Parker cites the UFB contract, the Warner Brothers' deal and the SkyCity Entertainment "pokies for convention centre" proposal as cases in point.
It's well-known that Key played an integral role in discussions with both Warner Brothers and SkyCity.
What's not so well-known is that it is the Prime Minister who has been at the sharp end of discussions with Rio Tinto, not SOE Minister Tony Ryall.
It was Key who picked up the phone to play hardball with Rio Tinto's Australian managing director David Peevers after Meridian said its talks with Pacific Aluminium had failed to reach accord on a new power price.
The background is that Meridian had been approached by Pacific Aluminium, a business unit of global mining giant Rio Tinto (and the majority shareholder of New Zealand Aluminium Smelters), in July 2012 to discuss potential changes to its existing electricity contract.
As Meridian chief executive Mark Binns made clear last week since talks began, various options have been discussed and Meridian has offered a number of changes and concessions to the existing contract.
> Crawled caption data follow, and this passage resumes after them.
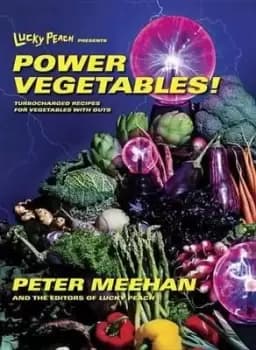 Lucky Peach Presents Power Vegetables! by Peter Meehan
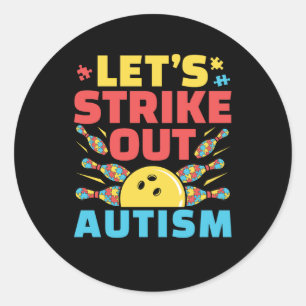 Låt oss Strejka ut Autism Awareness Bowling Runt Klistermärke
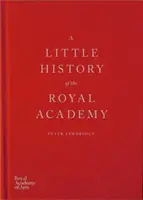 Malé dejiny Kráľovskej akadémie - A Little History of the Royal Academy
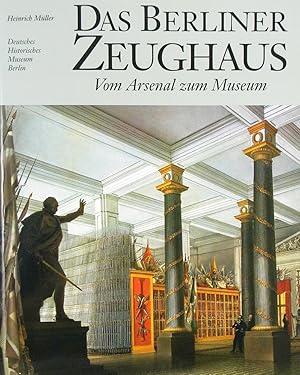 DAS BERLINER ZEUGHAUS: VOM ARSENAL ZUM MUSEUM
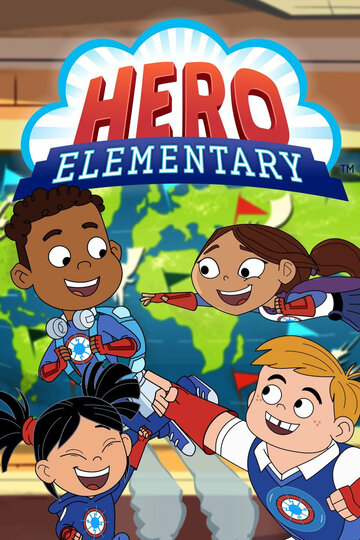 Академия героев / Hero Elementary / 2020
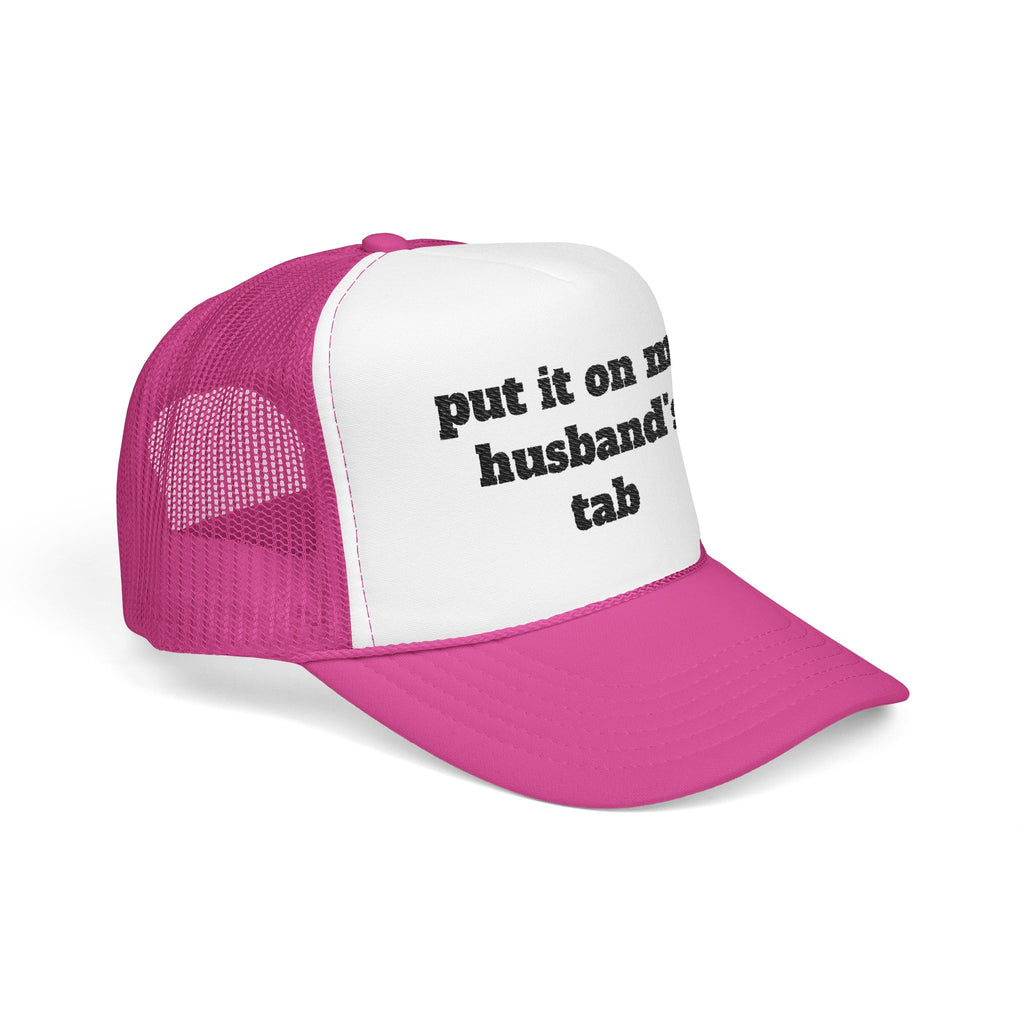 Put It On My Husband’s Tab Embroidered Trucker Hat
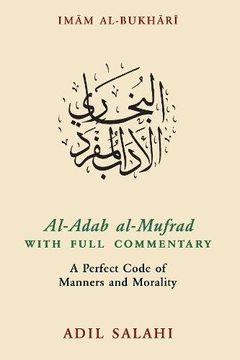 portada Al-Adab Al-Mufrad With Full Commentary: A Perfect Code of Manners and Morality (in English)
Meridian has advised Pacific Aluminium of its bottom-line position.
"Despite significant effort by both parties there remains a major gap between us on a number of issues, such that we believe that it is unlikely a new agreement can be reached with Pacific Aluminium."
Rio Tinto and the Key Government have different objectives.
Earlier on Monday, Key told this correspondent he had delivered Peevers a message that the game was up - it would be see you later if Rio Tinto tried to leverage up the potential short-term smoothing payment the Government was prepared to pony up to help the smelter through a period of lower aluminium prices into a long-term contract. Key knew Peevers from business days.
But it's instructive that John Key found out by fax later Monday evening that Rio Tinto had basically said, 'thanks but no thanks' to his offer.
The talks have been kicked downstairs again. And Key can and will say the Government has done its best.
Where Key and Parker are on the same page is their shared view that even if Rio Tinto does ultimately walk away from the smelter, having a large block of renewable energy come on to the market is not necessarily a bad thing.
It would enable major CO2 emitting power stations to be retired and could be a major attraction for offshore capital to invest in other energy intensive industries like wood-processing, data centres and the like.
Clearly having one-seventh of NZ's current electricity production on the market at once could prove problematic. In the first place transmission generation would have to be upgraded to get it to the North Island.
But it could remarkably change the energy profile for New Zealand.
Yesterday, Key acknowledged this reality by saying the current negotiations were in the short-term an issue - "we've got power there and jobs" - but over time Meridian could get the power out and make more money from it.
He dismisses Pacific Aluminium's timing - it endeavoured to game the Government by launching its call for new negotiations after the Mighty River Power partial asset sale was flagged - saying it had tried the same thing on an Australian State Government which was not going through a privatisation programme. But unlike the Australians, the Government was not going to be dealt to.
Key is also conscious that Rio Tinto will not be able to walk away from its 'take or pay' contracts without fulfilling them. Not only would it be immoral, but it would be a travesty given the 'sanctity of contracts' position the global metals giant has taken in its current stoush with the Mongolian Government which wants to extract higher royalties.
Key maintains the negotiations aren't over "til they are over".
But there is a silver lining in this stoush which is worth considering.
In the longer-term powering up many different plants for new industries here with renewable energy makes more sense than being hostage to one company which imports bauxite from Australia to send elsewhere.